Living the Golden Rule (of Cloud Architecture) #1: Horizontal Scaling

Thomas Soares
Software Architecture in the Clouds
3 min readJun 20, 2019

Having defined my Golden Rule of Cloud Architecture, “Never Pay for Unused Capacity,” the obvious next step is to answer the question, “whaaa?”

I’ll do so by examining one practical approach that you can use to “live the Golden Rule”: horizontal scaling.

If you’re reading this blog, you either: (1) already know what horizontal scaling is, or (2) you have waaay too much time on your hands. Or both. Probably both. So I’ll spare you a definition of what horizontal scaling is.

But you may not have though of horizontal scaling as a means of controlling cost and limiting unused capacity in the Cloud— you may have viewed it primarily as a means of adaptively scaling to handle increasing workloads. And it definitely is that, for the front-end in particular where you have a group of instances behind a load balancer handling web requests, for example. But if you both increase and decrease the number of active instances you have in response to the current workload, then voilà, it can also be an effective means of limiting the amount you pay for unused capacity. Common sense, really — but maybe not the first thing that comes to mind when you think of horizontal scaling.

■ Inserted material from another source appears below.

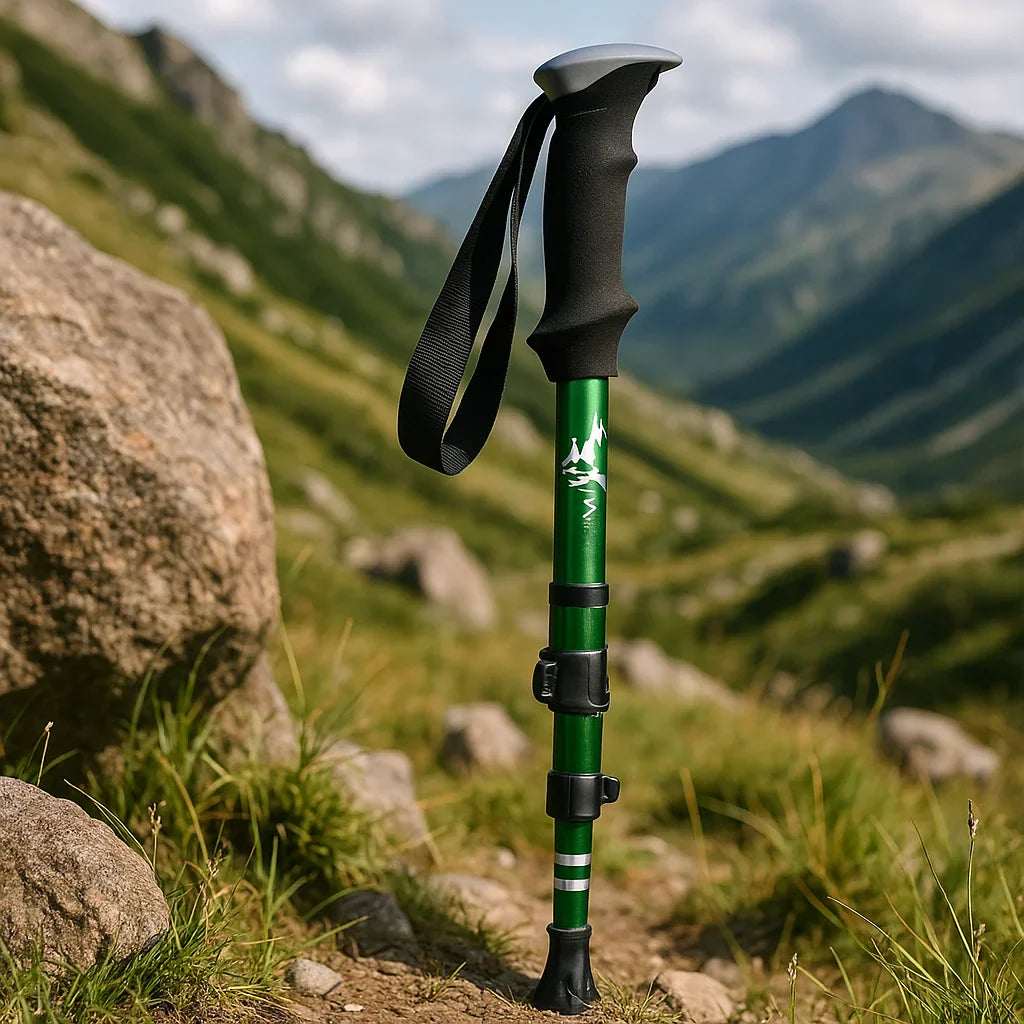 BowLift | Adjustable Foldable Trekking Pole for Hiking, Backpacking & Outdoor Adventures - Lightweight Aluminum Design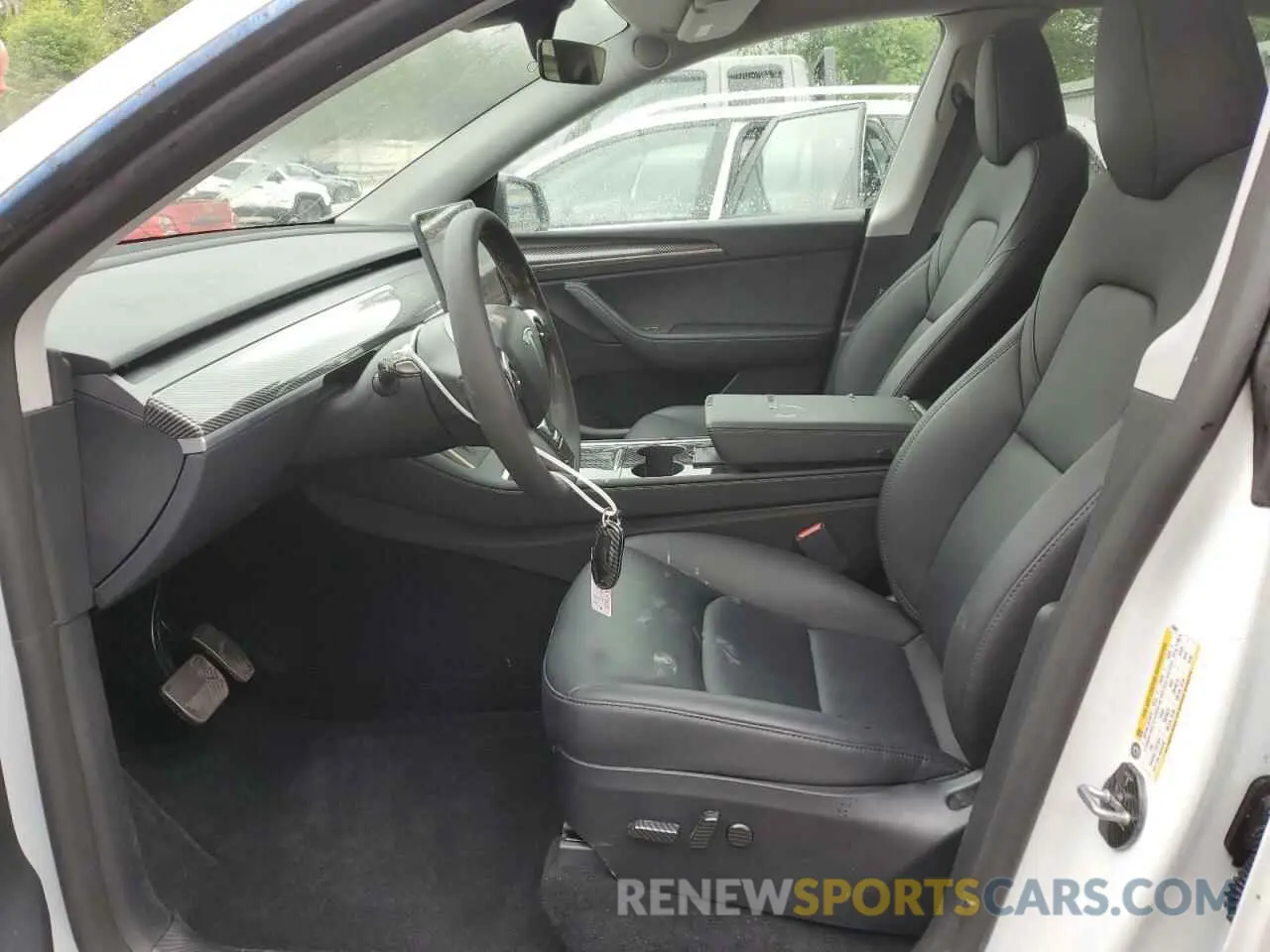 7 Photograph of a damaged car 7SAYGDEE7PF759687 TESLA MODEL Y 2023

It can be a tricky approach to use though. There are several moving parts that can break or not work quite right, and it can be challenging to both increase and decrease capacity at just the right time to have enough capacity, but not too much. Using a larger number of smaller instances may help, but it is still tricky. So it isn’t necessarily one of the first approaches I would recommend for “living the Golden Rule.” If, however, you have an existing system in place that you’re trying to deal with, it may be an approach you can adopt without making fundamental changes. And that would be a start.

If your application does backend processing, you may find that it is easier to adopt horizontal scaling there. If you can bundle your workload into discrete tasks, or “jobs” that can be containerized in some way, then you can potentially make use of one of a wide range of technologies that allow you to submit jobs to a cluster of instances. Some of these technologies require you to provision a group of instances up front that you have to pay for whether they’re active or not — and that can defeat the purpose if you’re not careful. But you should be able to add and remove instances, and if you’re willing to queue up pending jobs for a little while you should be able to maintain pretty high utilization. Just keep in mind that choosing a technology that automatically scales to handle the workload you throw at it can make your life easier.

If you use horizontal scaling carefully you can realize many benefits, to include adhering to the Golden Rule by reducing the amount of unused capacity that you pay for (yes, the Golden Rule says never pay for unused capacity, but who amongst us is perfect?). It isn’t necessarily the most effective approach I would recommend, but it is perhaps more usable with existing systems than some of the other approaches I will talk about in the future. So it is worth keeping in mind.

--

--